The full listing should be reproduced exactly as it appears.

Start of SUPPLIED RECORDS

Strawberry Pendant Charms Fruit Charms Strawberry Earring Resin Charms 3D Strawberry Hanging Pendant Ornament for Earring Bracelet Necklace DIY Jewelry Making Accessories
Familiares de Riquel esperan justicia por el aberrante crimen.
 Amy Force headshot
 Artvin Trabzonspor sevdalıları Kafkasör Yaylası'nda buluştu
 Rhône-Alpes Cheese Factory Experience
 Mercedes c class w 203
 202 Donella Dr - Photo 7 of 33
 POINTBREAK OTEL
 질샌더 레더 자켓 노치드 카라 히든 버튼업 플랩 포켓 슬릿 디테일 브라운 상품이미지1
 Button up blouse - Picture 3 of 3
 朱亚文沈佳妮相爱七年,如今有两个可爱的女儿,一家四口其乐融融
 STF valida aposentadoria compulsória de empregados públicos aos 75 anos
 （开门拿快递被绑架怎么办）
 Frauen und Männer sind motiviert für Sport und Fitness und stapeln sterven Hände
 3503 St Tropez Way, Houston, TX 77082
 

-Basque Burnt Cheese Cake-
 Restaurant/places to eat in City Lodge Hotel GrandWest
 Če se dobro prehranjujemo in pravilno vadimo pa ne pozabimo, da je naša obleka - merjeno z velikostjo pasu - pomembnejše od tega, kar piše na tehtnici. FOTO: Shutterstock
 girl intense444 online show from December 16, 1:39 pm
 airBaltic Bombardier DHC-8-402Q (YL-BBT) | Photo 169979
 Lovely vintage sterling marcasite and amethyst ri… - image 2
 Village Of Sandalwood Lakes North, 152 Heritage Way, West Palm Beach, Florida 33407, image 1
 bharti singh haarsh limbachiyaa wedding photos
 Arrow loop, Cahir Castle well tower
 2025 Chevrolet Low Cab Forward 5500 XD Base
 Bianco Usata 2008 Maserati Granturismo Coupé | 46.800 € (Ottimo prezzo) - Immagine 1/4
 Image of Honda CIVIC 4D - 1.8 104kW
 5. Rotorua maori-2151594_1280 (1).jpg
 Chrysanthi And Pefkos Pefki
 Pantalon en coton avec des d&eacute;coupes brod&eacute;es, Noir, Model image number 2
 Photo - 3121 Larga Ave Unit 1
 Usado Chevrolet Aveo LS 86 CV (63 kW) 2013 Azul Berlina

End of SUPPLIED RECORDS

FINISHED EXERCISE —
Strawberry Pendant Charms Fruit Charms Strawberry Earring Resin Charms 3D Strawberry Hanging Pendant Ornament for Earring Bracelet Necklace DIY Jewelry Making Accessories
Familiares de Riquel esperan justicia por el aberrante crimen.
 Amy Force headshot
 Artvin Trabzonspor sevdalıları Kafkasör Yaylası'nda buluştu
 Rhône-Alpes Cheese Factory Experience
 Mercedes c class w 203
 202 Donella Dr - Photo 7 of 33
 POINTBREAK OTEL
 질샌더 레더 자켓 노치드 카라 히든 버튼업 플랩 포켓 슬릿 디테일 브라운 상품이미지1
 Button up blouse - Picture 3 of 3
 朱亚文沈佳妮相爱七年,如今有两个可爱的女儿,一家四口其乐融融
 STF valida aposentadoria compulsória de empregados públicos aos 75 anos
 （开门拿快递被绑架怎么办）
 Frauen und Männer sind motiviert für Sport und Fitness und stapeln sterven Hände
 3503 St Tropez Way, Houston, TX 77082
 

-Basque Burnt Cheese Cake-
 Restaurant/places to eat in City Lodge Hotel GrandWest
 Če se dobro prehranjujemo in pravilno vadimo pa ne pozabimo, da je naša obleka - merjeno z velikostjo pasu - pomembnejše od tega, kar piše na tehtnici. FOTO: Shutterstock
 girl intense444 online show from December 16, 1:39 pm
 airBaltic Bombardier DHC-8-402Q (YL-BBT) | Photo 169979
 Lovely vintage sterling marcasite and amethyst ri… - image 2
 Village Of Sandalwood Lakes North, 152 Heritage Way, West Palm Beach, Florida 33407, image 1
 bharti singh haarsh limbachiyaa wedding photos
 Arrow loop, Cahir Castle well tower
 2025 Chevrolet Low Cab Forward 5500 XD Base
 Bianco Usata 2008 Maserati Granturismo Coupé | 46.800 € (Ottimo prezzo) - Immagine 1/4
 Image of Honda CIVIC 4D - 1.8 104kW
 5. Rotorua maori-2151594_1280 (1).jpg
 Chrysanthi And Pefkos Pefki
 Pantalon en coton avec des d&eacute;coupes brod&eacute;es, Noir, Model image number 2
 Photo - 3121 Larga Ave Unit 1
 Usado Chevrolet Aveo LS 86 CV (63 kW) 2013 Azul Berlina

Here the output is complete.